> [Brief]:
When the line containing "Butter chicken served" appears in the entries below, begin printing there and stop after the line containing "A modern bedroom"; print each of those lines exactly and no other line.

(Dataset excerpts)
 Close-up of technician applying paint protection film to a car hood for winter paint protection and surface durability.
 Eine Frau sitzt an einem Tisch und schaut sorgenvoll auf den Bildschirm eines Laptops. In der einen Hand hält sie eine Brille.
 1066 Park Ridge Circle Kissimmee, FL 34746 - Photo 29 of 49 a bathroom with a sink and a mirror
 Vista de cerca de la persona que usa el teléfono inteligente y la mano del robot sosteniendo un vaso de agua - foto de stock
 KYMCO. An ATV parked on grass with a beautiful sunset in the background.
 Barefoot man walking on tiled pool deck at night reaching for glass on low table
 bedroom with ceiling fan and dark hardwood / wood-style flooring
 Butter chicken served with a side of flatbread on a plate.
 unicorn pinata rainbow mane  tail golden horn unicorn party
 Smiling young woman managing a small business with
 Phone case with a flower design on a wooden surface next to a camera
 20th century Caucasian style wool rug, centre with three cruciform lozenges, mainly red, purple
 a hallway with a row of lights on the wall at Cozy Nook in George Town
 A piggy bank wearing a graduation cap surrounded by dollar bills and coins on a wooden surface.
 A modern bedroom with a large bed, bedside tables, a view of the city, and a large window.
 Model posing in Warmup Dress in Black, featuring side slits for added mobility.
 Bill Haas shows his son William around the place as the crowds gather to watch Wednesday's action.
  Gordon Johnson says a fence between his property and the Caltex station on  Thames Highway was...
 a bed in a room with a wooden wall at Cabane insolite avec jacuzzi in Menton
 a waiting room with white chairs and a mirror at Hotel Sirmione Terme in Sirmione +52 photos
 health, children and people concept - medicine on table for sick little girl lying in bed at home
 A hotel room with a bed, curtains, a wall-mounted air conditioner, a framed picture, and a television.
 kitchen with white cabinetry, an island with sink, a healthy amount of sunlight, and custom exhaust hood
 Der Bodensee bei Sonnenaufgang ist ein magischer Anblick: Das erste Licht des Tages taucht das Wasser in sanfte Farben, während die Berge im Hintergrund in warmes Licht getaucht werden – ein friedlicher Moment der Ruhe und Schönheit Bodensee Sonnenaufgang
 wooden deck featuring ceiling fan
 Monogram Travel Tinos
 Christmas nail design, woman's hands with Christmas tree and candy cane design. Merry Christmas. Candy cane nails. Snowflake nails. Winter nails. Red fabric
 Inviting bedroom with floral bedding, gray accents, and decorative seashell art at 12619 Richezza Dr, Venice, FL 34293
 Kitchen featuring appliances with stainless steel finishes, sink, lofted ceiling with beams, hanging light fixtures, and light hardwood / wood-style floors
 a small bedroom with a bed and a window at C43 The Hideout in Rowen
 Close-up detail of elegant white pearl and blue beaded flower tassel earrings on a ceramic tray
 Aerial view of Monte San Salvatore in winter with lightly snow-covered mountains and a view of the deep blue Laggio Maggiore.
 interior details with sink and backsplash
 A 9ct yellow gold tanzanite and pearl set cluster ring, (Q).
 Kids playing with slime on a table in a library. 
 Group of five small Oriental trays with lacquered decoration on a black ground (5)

> [Answer box]:
 Butter chicken served with a side of flatbread on a plate.
 unicorn pinata rainbow mane  tail golden horn unicorn party
 Smiling young woman managing a small business with
 Phone case with a flower design on a wooden surface next to a camera
 20th century Caucasian style wool rug, centre with three cruciform lozenges, mainly red, purple
 a hallway with a row of lights on the wall at Cozy Nook in George Town
 A piggy bank wearing a graduation cap surrounded by dollar bills and coins on a wooden surface.
 A modern bedroom with a large bed, bedside tables, a view of the city, and a large window.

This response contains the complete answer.